*TASK OBJECTIVE*
Output the records exactly, with no line skipped.

*DATASET ENTRIES*
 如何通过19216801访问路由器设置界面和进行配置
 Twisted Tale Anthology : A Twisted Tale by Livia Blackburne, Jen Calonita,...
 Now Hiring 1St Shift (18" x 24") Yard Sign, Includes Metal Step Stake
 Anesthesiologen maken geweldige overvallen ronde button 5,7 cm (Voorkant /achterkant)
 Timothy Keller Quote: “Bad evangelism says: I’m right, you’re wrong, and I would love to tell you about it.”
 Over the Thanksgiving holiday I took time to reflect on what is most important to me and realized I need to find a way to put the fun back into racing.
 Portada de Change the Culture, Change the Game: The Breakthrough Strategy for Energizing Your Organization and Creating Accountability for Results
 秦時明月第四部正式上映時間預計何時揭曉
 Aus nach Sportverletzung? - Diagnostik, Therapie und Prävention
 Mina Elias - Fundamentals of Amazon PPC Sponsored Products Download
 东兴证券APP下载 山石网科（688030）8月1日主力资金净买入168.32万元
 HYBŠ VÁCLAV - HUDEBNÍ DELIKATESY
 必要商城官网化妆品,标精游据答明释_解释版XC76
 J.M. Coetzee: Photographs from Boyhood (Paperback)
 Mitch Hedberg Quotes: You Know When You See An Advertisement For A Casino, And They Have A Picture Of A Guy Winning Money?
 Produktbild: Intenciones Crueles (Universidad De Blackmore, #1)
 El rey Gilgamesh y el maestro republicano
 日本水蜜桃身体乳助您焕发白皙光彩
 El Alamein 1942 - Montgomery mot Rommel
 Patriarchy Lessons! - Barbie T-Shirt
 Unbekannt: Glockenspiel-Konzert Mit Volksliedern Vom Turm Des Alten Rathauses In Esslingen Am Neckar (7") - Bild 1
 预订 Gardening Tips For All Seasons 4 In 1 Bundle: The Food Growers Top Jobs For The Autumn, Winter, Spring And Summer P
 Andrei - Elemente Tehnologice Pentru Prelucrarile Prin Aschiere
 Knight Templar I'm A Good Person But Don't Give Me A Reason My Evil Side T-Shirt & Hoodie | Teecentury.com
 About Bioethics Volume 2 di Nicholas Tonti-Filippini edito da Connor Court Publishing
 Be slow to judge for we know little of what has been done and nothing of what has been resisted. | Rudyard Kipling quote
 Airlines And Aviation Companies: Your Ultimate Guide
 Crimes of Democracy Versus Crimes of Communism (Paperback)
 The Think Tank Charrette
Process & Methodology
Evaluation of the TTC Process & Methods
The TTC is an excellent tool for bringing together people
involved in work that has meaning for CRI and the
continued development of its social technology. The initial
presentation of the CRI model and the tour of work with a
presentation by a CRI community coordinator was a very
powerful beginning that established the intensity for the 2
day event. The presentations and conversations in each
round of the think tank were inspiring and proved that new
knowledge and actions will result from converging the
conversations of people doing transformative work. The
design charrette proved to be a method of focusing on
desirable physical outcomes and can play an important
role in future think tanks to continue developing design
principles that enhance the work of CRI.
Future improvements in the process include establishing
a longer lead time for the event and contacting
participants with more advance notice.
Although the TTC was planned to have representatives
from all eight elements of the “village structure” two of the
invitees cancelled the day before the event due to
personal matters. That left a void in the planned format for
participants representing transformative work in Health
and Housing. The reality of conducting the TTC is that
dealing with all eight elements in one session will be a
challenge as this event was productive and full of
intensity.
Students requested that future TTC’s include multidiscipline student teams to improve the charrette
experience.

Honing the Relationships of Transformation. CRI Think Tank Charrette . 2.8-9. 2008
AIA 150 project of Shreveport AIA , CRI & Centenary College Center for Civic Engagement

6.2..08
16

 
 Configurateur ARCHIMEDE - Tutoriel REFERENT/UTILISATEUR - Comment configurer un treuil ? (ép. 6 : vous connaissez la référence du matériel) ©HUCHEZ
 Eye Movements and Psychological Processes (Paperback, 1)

*RESPONSE TO THIS EXERCISE*
 如何通过19216801访问路由器设置界面和进行配置
 Twisted Tale Anthology : A Twisted Tale by Livia Blackburne, Jen Calonita,...
 Now Hiring 1St Shift (18" x 24") Yard Sign, Includes Metal Step Stake
 Anesthesiologen maken geweldige overvallen ronde button 5,7 cm (Voorkant /achterkant)
 Timothy Keller Quote: “Bad evangelism says: I’m right, you’re wrong, and I would love to tell you about it.”
 Over the Thanksgiving holiday I took time to reflect on what is most important to me and realized I need to find a way to put the fun back into racing.
 Portada de Change the Culture, Change the Game: The Breakthrough Strategy for Energizing Your Organization and Creating Accountability for Results
 秦時明月第四部正式上映時間預計何時揭曉
 Aus nach Sportverletzung? - Diagnostik, Therapie und Prävention
 Mina Elias - Fundamentals of Amazon PPC Sponsored Products Download
 东兴证券APP下载 山石网科（688030）8月1日主力资金净买入168.32万元
 HYBŠ VÁCLAV - HUDEBNÍ DELIKATESY
 必要商城官网化妆品,标精游据答明释_解释版XC76
 J.M. Coetzee: Photographs from Boyhood (Paperback)
 Mitch Hedberg Quotes: You Know When You See An Advertisement For A Casino, And They Have A Picture Of A Guy Winning Money?
 Produktbild: Intenciones Crueles (Universidad De Blackmore, #1)
 El rey Gilgamesh y el maestro republicano
 日本水蜜桃身体乳助您焕发白皙光彩
 El Alamein 1942 - Montgomery mot Rommel
 Patriarchy Lessons! - Barbie T-Shirt
 Unbekannt: Glockenspiel-Konzert Mit Volksliedern Vom Turm Des Alten Rathauses In Esslingen Am Neckar (7") - Bild 1
 预订 Gardening Tips For All Seasons 4 In 1 Bundle: The Food Growers Top Jobs For The Autumn, Winter, Spring And Summer P
 Andrei - Elemente Tehnologice Pentru Prelucrarile Prin Aschiere
 Knight Templar I'm A Good Person But Don't Give Me A Reason My Evil Side T-Shirt & Hoodie | Teecentury.com
 About Bioethics Volume 2 di Nicholas Tonti-Filippini edito da Connor Court Publishing
 Be slow to judge for we know little of what has been done and nothing of what has been resisted. | Rudyard Kipling quote
 Airlines And Aviation Companies: Your Ultimate Guide
 Crimes of Democracy Versus Crimes of Communism (Paperback)
 The Think Tank Charrette
Process & Methodology
Evaluation of the TTC Process & Methods
The TTC is an excellent tool for bringing together people
involved in work that has meaning for CRI and the
continued development of its social technology. The initial
presentation of the CRI model and the tour of work with a
presentation by a CRI community coordinator was a very
powerful beginning that established the intensity for the 2
day event. The presentations and conversations in each
round of the think tank were inspiring and proved that new
knowledge and actions will result from converging the
conversations of people doing transformative work. The
design charrette proved to be a method of focusing on
desirable physical outcomes and can play an important
role in future think tanks to continue developing design
principles that enhance the work of CRI.
Future improvements in the process include establishing
a longer lead time for the event and contacting
participants with more advance notice.
Although the TTC was planned to have representatives
from all eight elements of the “village structure” two of the
invitees cancelled the day before the event due to
personal matters. That left a void in the planned format for
participants representing transformative work in Health
and Housing. The reality of conducting the TTC is that
dealing with all eight elements in one session will be a
challenge as this event was productive and full of
intensity.
Students requested that future TTC’s include multidiscipline student teams to improve the charrette
experience.

Honing the Relationships of Transformation. CRI Think Tank Charrette . 2.8-9. 2008
AIA 150 project of Shreveport AIA , CRI & Centenary College Center for Civic Engagement

6.2..08
16

 
 Configurateur ARCHIMEDE - Tutoriel REFERENT/UTILISATEUR - Comment configurer un treuil ? (ép. 6 : vous connaissez la référence du matériel) ©HUCHEZ
 Eye Movements and Psychological Processes (Paperback, 1)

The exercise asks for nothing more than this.